:: INFORMATION SUPPLIED ::

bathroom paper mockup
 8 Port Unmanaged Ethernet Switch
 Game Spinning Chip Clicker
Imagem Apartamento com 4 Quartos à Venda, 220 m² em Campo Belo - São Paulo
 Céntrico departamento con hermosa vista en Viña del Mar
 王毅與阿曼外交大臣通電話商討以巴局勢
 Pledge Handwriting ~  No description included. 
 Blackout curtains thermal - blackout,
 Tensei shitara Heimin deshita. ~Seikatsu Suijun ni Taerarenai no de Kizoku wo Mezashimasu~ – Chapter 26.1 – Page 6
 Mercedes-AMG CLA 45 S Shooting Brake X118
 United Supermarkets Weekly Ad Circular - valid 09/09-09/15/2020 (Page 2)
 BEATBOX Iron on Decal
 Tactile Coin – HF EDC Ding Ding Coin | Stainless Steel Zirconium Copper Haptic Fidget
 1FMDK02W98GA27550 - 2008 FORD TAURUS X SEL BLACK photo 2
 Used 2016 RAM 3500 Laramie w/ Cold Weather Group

:::

PROBLEM » Every line of the data is to be printed again exactly.

SOLVED EXERCISE »
bathroom paper mockup
 8 Port Unmanaged Ethernet Switch
 Game Spinning Chip Clicker
Imagem Apartamento com 4 Quartos à Venda, 220 m² em Campo Belo - São Paulo
 Céntrico departamento con hermosa vista en Viña del Mar
 王毅與阿曼外交大臣通電話商討以巴局勢
 Pledge Handwriting ~  No description included. 
 Blackout curtains thermal - blackout,
 Tensei shitara Heimin deshita. ~Seikatsu Suijun ni Taerarenai no de Kizoku wo Mezashimasu~ – Chapter 26.1 – Page 6
 Mercedes-AMG CLA 45 S Shooting Brake X118
 United Supermarkets Weekly Ad Circular - valid 09/09-09/15/2020 (Page 2)
 BEATBOX Iron on Decal
 Tactile Coin – HF EDC Ding Ding Coin | Stainless Steel Zirconium Copper Haptic Fidget
 1FMDK02W98GA27550 - 2008 FORD TAURUS X SEL BLACK photo 2
 Used 2016 RAM 3500 Laramie w/ Cold Weather Group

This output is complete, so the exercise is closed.